[What you are asked to do]:
A single figure is the whole answer: the number of lines in the entries that contain "Easy".

(Stored dataset items)

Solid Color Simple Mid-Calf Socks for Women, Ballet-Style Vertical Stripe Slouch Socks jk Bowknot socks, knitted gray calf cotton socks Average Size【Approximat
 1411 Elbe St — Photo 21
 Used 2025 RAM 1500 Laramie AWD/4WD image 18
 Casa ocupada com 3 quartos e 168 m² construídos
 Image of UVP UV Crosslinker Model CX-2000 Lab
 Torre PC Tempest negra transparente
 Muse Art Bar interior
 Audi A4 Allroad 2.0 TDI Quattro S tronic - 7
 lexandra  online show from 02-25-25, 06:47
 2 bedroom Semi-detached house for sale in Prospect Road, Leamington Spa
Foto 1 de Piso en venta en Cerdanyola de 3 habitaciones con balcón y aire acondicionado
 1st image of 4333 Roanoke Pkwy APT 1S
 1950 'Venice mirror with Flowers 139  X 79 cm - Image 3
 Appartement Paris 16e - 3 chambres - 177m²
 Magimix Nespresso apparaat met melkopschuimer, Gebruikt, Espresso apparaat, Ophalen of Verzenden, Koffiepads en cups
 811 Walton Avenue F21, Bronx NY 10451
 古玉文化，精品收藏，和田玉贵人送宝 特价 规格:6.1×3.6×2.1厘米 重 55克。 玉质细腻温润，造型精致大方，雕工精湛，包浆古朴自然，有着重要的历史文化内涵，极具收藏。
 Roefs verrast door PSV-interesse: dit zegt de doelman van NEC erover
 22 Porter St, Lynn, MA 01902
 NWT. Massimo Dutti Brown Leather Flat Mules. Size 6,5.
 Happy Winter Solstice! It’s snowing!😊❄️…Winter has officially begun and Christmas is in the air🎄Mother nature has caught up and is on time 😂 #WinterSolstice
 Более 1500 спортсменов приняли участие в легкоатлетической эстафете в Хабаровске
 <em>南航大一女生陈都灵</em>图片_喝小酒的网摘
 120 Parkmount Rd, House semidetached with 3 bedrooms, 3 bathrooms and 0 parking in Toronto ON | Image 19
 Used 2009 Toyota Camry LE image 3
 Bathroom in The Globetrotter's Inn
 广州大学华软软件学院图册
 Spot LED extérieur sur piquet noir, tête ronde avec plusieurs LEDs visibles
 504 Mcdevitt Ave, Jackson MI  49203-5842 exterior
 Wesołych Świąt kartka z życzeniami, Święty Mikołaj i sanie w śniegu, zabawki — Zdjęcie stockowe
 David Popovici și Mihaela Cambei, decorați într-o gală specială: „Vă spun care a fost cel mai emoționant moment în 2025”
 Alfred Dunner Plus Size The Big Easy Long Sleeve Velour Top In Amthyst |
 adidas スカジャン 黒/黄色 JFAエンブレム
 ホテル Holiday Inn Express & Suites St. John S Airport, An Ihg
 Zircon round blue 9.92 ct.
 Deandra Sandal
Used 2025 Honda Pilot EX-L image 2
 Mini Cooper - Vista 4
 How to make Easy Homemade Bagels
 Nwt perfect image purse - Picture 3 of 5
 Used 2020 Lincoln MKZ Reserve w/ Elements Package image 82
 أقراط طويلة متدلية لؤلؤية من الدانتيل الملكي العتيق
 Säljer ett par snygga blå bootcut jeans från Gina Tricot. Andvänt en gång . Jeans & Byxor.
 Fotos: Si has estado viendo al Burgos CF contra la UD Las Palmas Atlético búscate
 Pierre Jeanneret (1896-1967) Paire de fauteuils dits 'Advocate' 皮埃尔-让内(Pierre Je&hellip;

[Solution to the problem]:
2